(Captioned web images)
+++

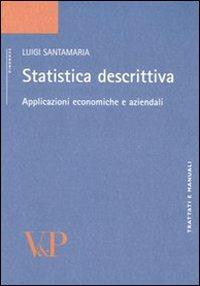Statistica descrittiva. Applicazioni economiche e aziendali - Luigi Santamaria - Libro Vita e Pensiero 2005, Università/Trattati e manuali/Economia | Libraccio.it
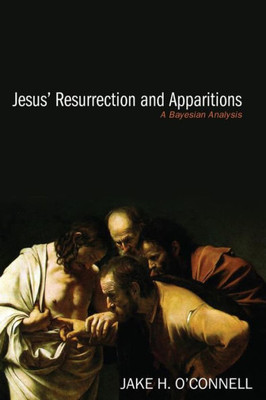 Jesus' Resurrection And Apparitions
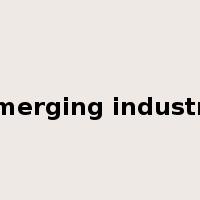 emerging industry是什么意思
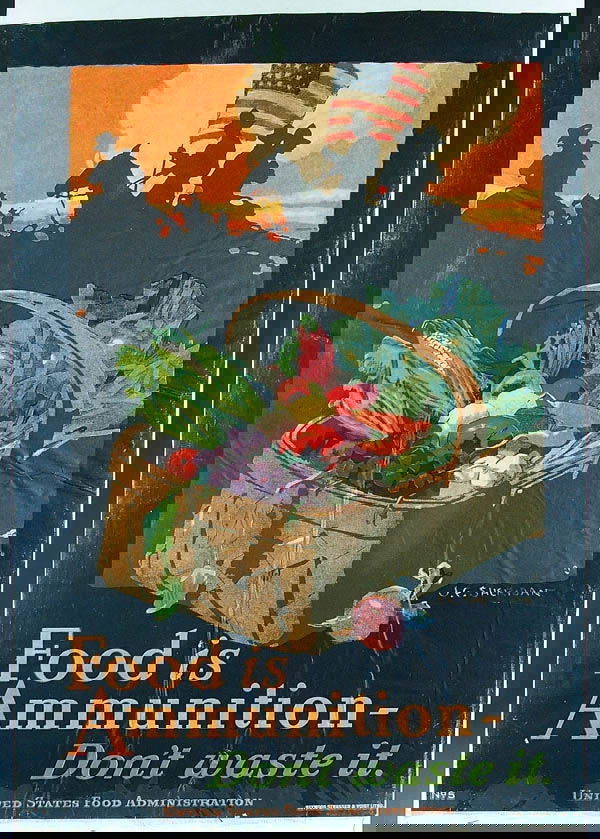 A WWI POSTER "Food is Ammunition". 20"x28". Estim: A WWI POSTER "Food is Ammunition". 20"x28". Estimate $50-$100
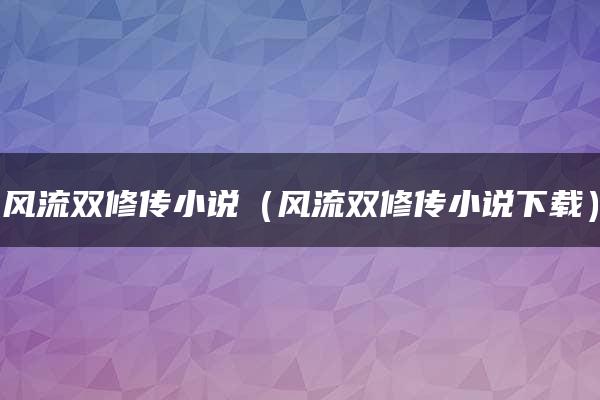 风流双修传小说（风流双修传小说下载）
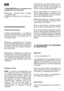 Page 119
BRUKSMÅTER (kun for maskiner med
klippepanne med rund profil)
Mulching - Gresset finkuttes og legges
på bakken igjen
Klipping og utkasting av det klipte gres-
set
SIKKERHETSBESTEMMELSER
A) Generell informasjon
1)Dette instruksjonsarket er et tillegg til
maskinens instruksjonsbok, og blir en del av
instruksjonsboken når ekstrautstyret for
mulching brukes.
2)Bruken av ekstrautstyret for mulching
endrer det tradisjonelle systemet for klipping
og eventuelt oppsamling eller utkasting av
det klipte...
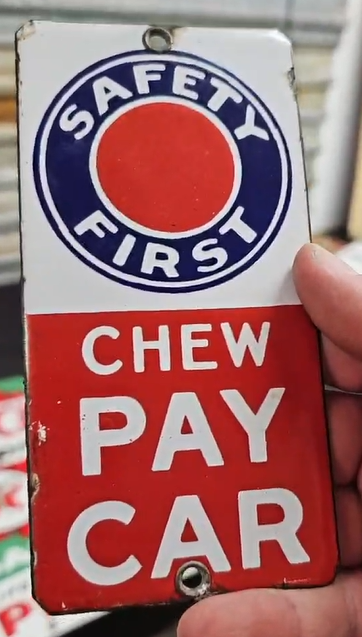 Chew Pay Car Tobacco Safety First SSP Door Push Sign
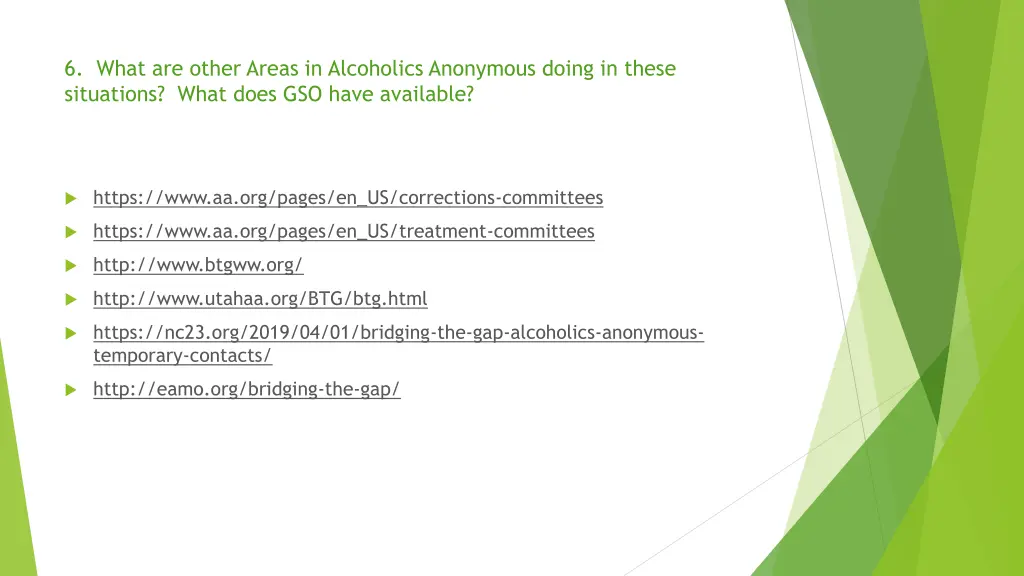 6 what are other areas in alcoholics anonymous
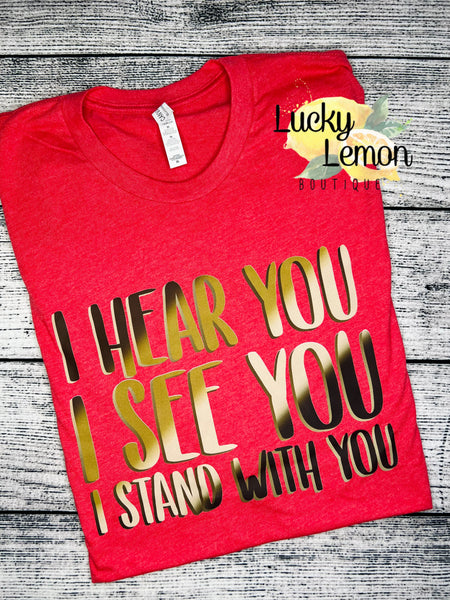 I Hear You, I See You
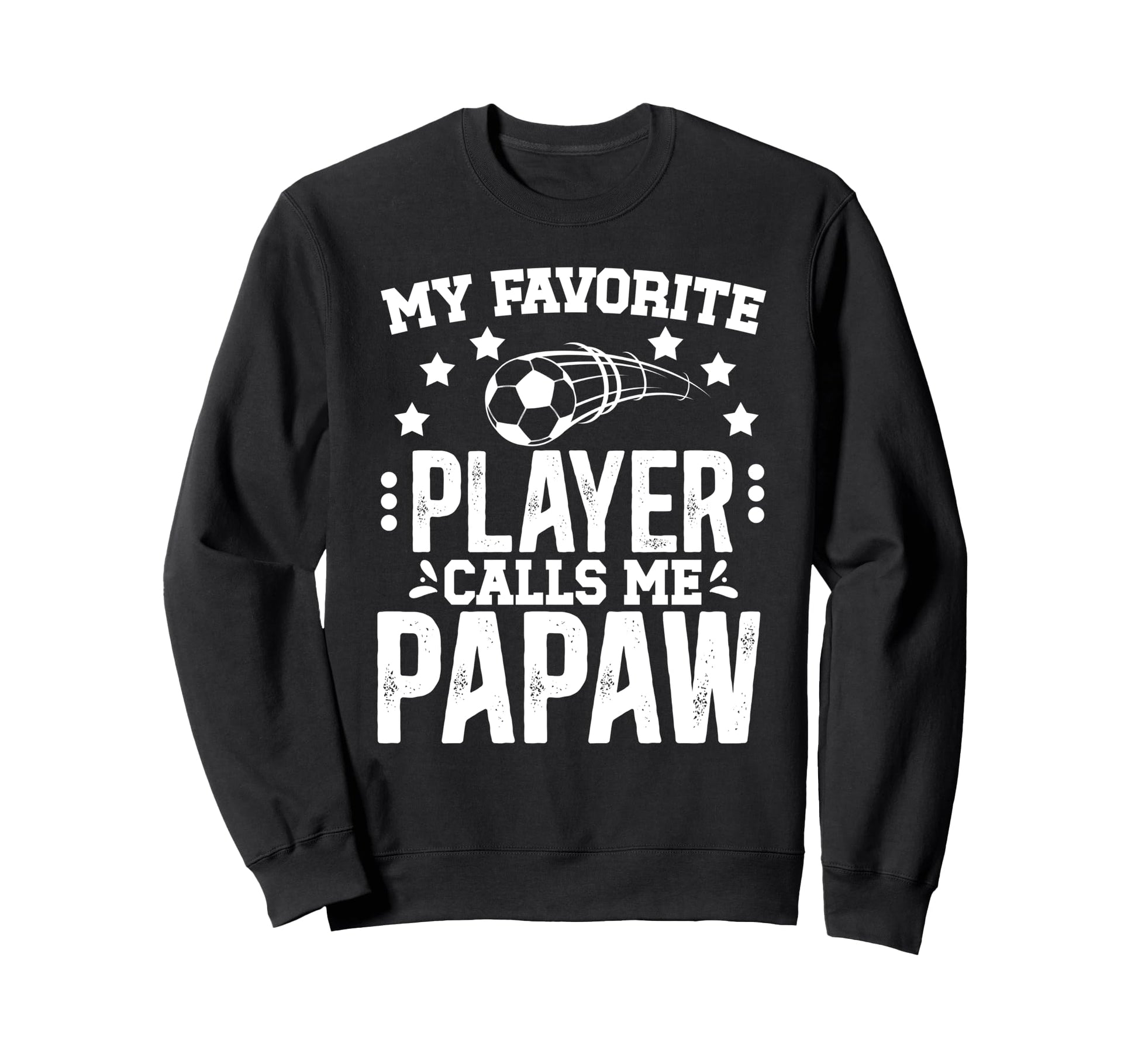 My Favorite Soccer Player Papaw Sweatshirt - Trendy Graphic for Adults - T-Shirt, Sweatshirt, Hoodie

+++

*Requirement:*
The response must hold only the lines above from the line with "BRUKSMÅTER (kun for maskiner med" through the line with "A) Generell informasjon", each copied exactly, both ends kept.

*Expected answer:*
BRUKSMÅTER (kun for maskiner med
klippepanne med rund profil)
Mulching - Gresset finkuttes og legges
på bakken igjen
Klipping og utkasting av det klipte gres-
set
SIKKERHETSBESTEMMELSER
A) Generell informasjon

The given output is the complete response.